This ensures cooling of the inverter 4 and the air cleaner 16, which particularly need cooling, with cooling air of a relatively low temperature. This ensures efficient cooling of the components as necessary, resulting in an improved cooling effect realized by cooling air. Further, the other components are disposed as if to surround the engine 2. This ensures a compact arrangement of the other components, while reducing noise of the engine 2 with the other components utilized as sound barriers.

In the engine generator 1 according to the embodiment of the present invention, the cooling air inlets 11 and 12 include the upper and lower first cooling air inlets 12 vertically disposed on a first side of the housing 5. The two inverters 4 and 4 are vertically disposed inside the housing 5 in parallel to the first side of the housing 5 as if to be opposite the upper and lower first cooling air inlets 12. The support 13 is disposed between and in parallel to the upper and lower inverters 4 and 4 and the first side of the housing 5. The first duct 31 constituting the cooling air passage is defined in the support 13 as if to extend from the upper and lower first cooling air inlets 12 toward the upper and lower inverters, The cooling air through the first cooling air inlet 12 is allowed to flow into the first duet 31 and guided upward and downward along the upper and lower inverters 4.
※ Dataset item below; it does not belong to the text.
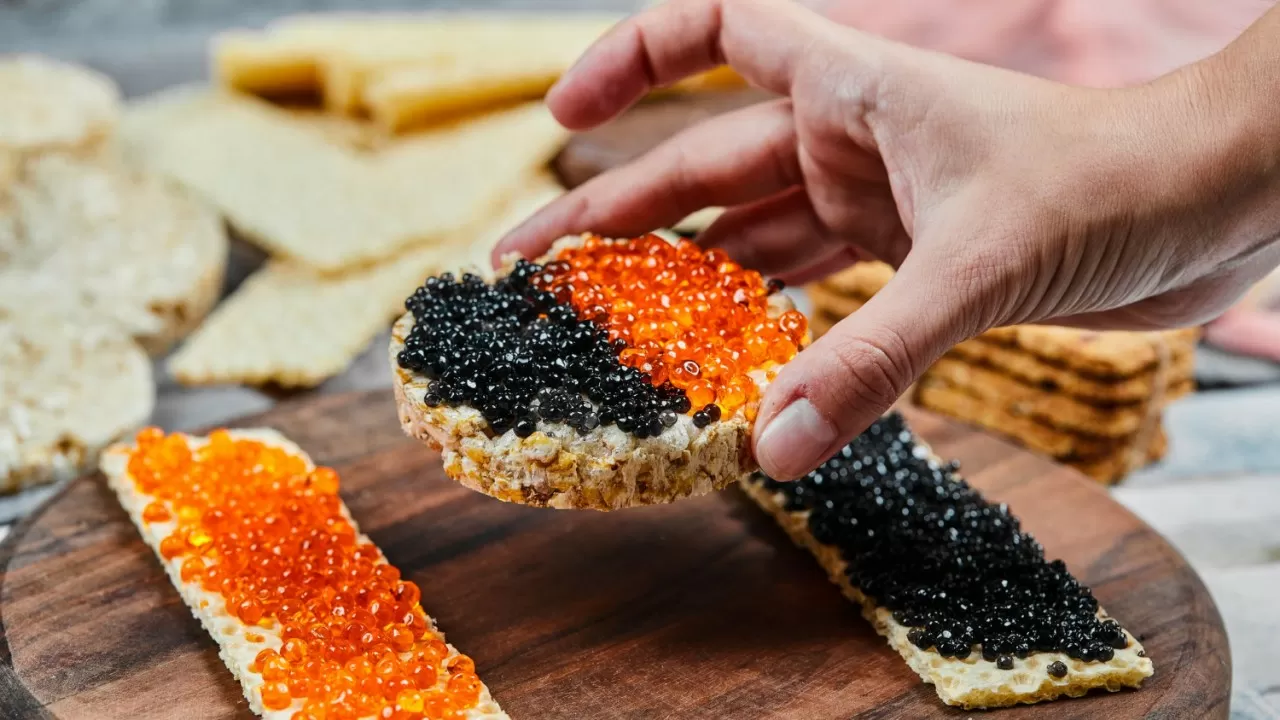 Казахстан &mdash; лидер по закупкам российской икры: 27% черной и 25% красной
This ensures that the cooling air is sent through the first duct 31 toward the upper and lower inverters 4 and 4. This in turn ensures efficient cooling of the upper and lower inverters 4 and 4 with the cooling air, resulting in an improved cooling effect realized by cooling air. Further, the first duct 31 forms a duct structure inside the first cooling air inlets 12. This reduces leakage of noise to outside the housing 5 through the first cooling air inlets 12.

In the engine generator 1 according to the embodiment of the present invention, the partition 23 is disposed inside the first duct 31 to vertically split the cooling air through the first cooling air inlets 12. Part of the cooling air flowing in the first duct 31 is guided upward along the upper inverter 4, while the rest of the cooling air flowing in the first duct 31 is guided downward along the lower inverter 4.

This vertically splits the cooling air into the upper and lower inverters 4 and 4, while securing equal volumes of cooling air sent toward the upper and lower inverters 4 and 4. This ensures that the cooling air uniformly cools the upper and lower inverters, thus reducing uneven effectiveness of the cooling utilizing cooling air.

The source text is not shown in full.